(Task to carry out): Please reproduce the lines from the one containing "RV Resort in Pomeranian Voivodeship" through the end of the data below exactly as they stand, and omit all pictures.

(Data for this exercise):
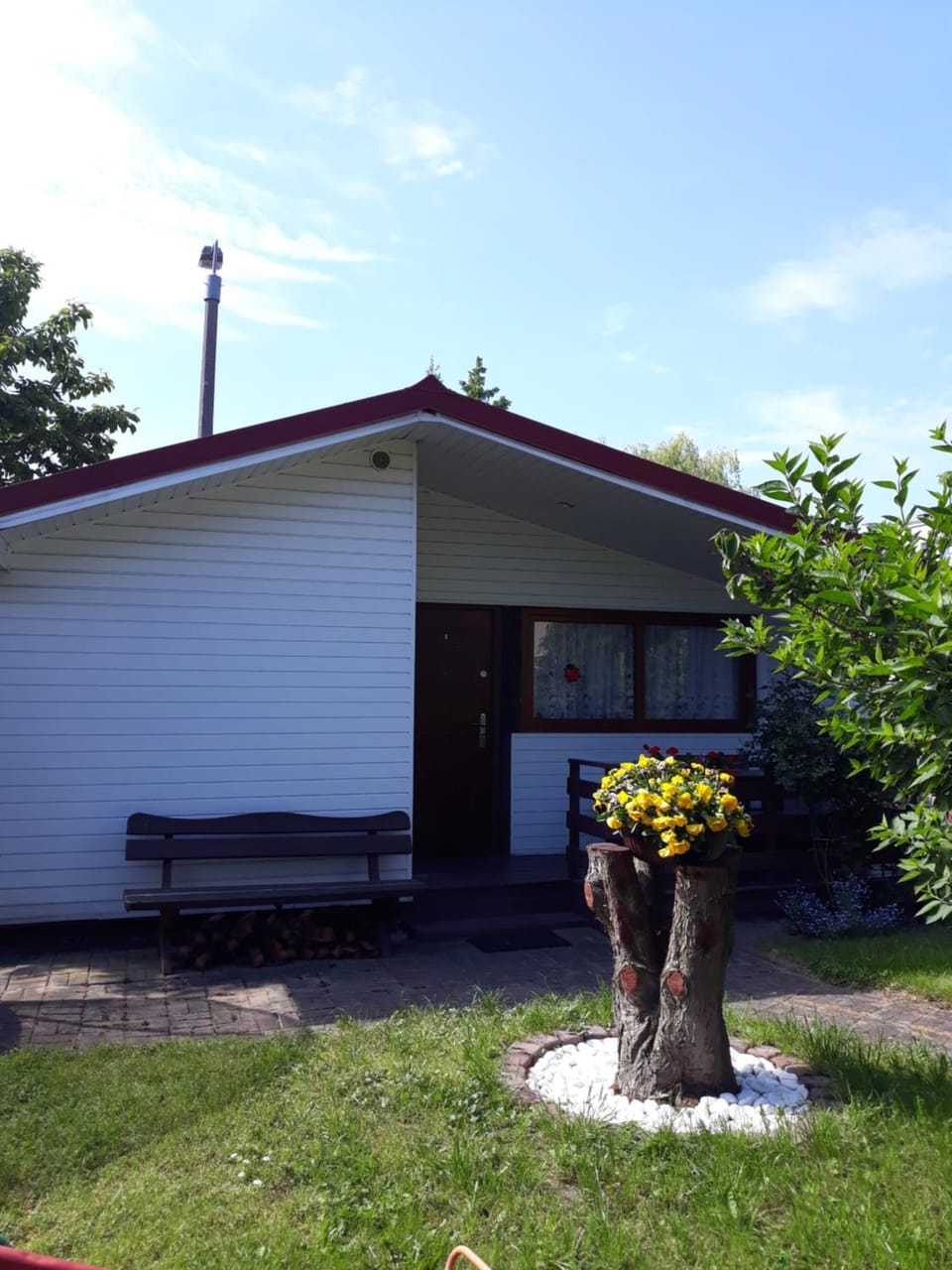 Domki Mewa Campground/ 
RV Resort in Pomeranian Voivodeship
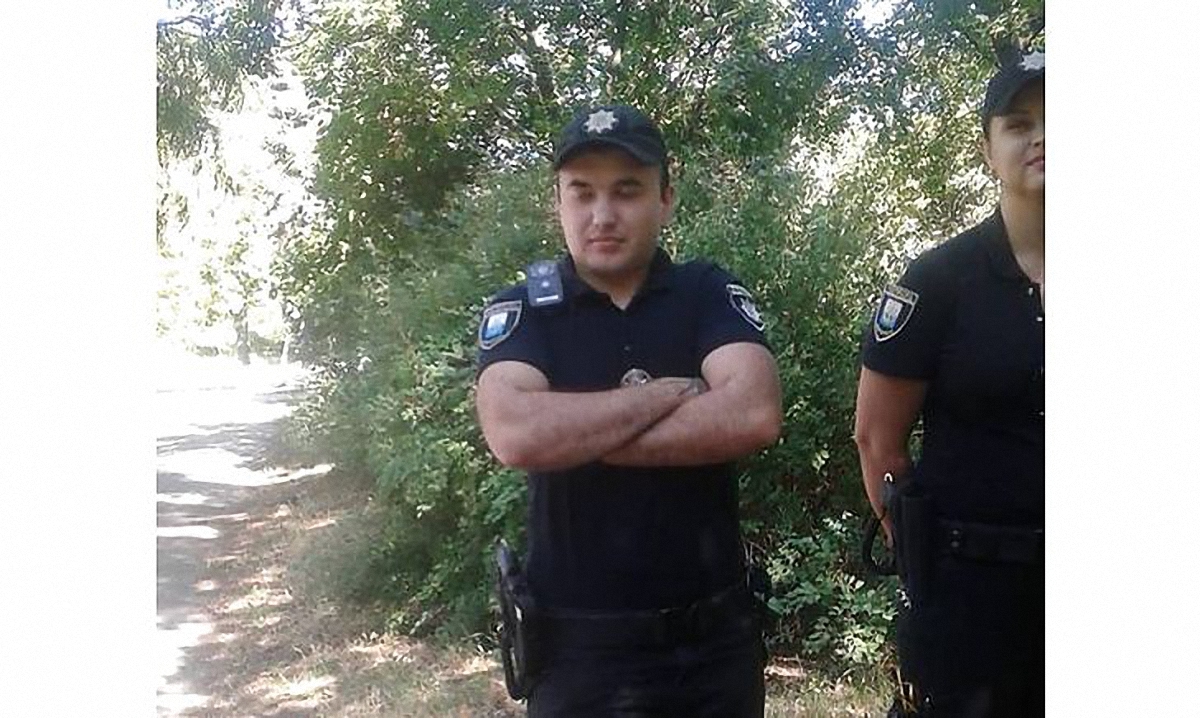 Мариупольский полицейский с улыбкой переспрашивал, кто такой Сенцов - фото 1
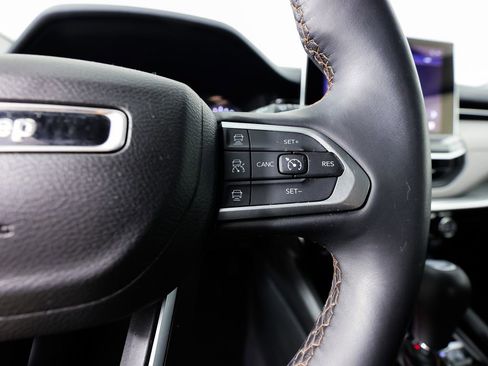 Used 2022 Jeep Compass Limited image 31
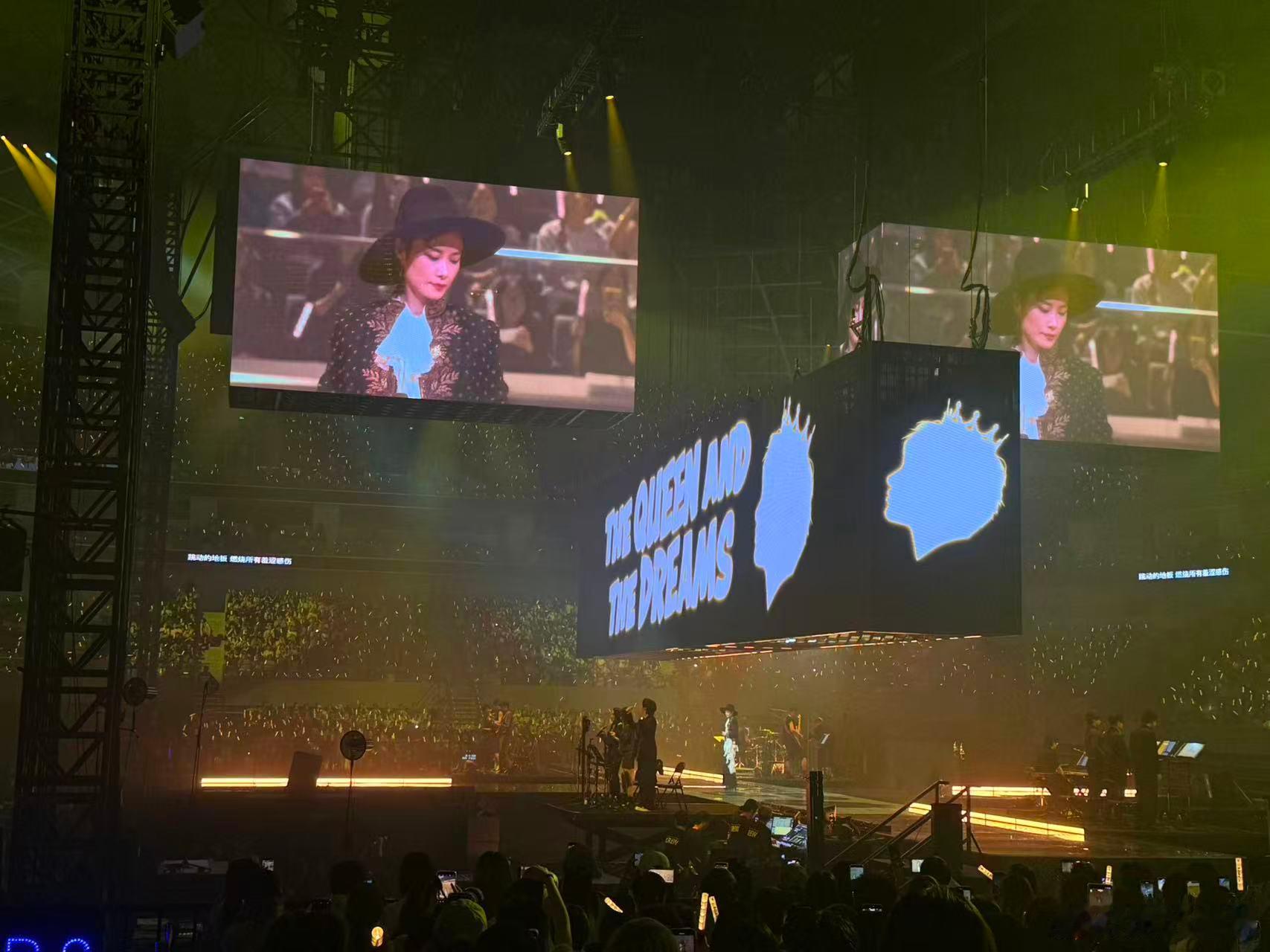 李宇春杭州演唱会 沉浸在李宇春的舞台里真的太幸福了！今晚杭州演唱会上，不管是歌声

(Completed exercise):
RV Resort in Pomeranian Voivodeship
 Мариупольский полицейский с улыбкой переспрашивал, кто такой Сенцов - фото 1
 Used 2022 Jeep Compass Limited image 31
 李宇春杭州演唱会 沉浸在李宇春的舞台里真的太幸福了！今晚杭州演唱会上，不管是歌声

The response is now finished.